De entre todos los escenarios  del horror en la Alemania de aquellos años, Auschwitz ocupa un lugar destacado en la memoria colectiva del mundo como símbolo de los atroces crímenes del nazismo. Y este lunes se cumplían 80 años de la liberación del campo de exterminio nazi, en el que más de 1,1 millones de personas murieron allí gaseadas, tiroteadas, torturadas o exhaustas por los trabajos forzados. El 90% de los fallecidos eran judíos de varios países europeos, y el resto eran polacos no judíos, gitanos, prisioneros de guerra soviéticos, homosexuales, testigos de Jehová y delincuentes comunes.
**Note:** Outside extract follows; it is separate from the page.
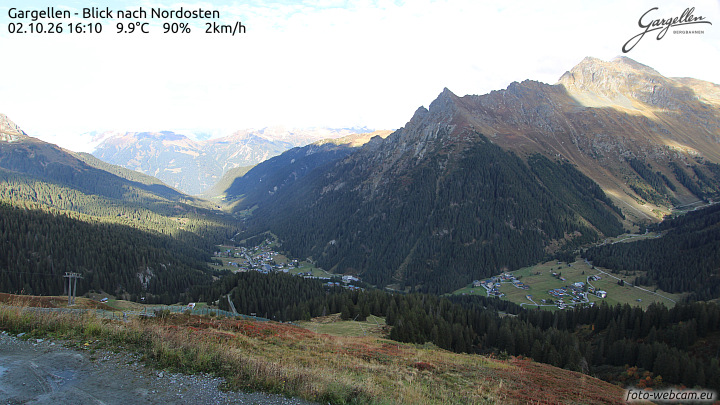Gargellen | Talblick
Y a pesar de que hoy abundan en el mundo líderes indeseables, como lo pueda ser Trump, aupados al poder por el voto popular –igual que llegó Hitler–, no se les puede comparar con el Führer. O sí. Depende de a quién se interpele. Si es a la ultraderecha y a la derecha europea, no hay paralelismo alguno. Sin embargo, hay a quien asusta, como a Ginzberg, “un presente que imita al pasado, quizá sin darse cuenta” y que nos conduce al desastre.

No es baladí que en los primeros días como presidente estadounidense, Donald Trump haya impulsado un cambio radical en la política migratoria de la Casa Blanca. La inmigración fue uno de sus pilares narrativos de su campaña electoral y nada más estrenar el cargo ya firmó los primeros decretos para resquebrajar el sistema migratorio construido por su antecesor. Ha declarado la emergencia nacional en la frontera sur para detener inmediatamente toda entrada ilegal y comenzar con las deportaciones de extranjeros, a quienes tilda de “criminales”. Y anuncia, además, que el Departamento de Justicia buscará la pena de muerte como castigo apropiado para crímenes en los que mueran agentes del orden y a los cometidos por “inmigrantes ilegales que mutilan y asesinan a estadounidenses”.  Esto en 2025.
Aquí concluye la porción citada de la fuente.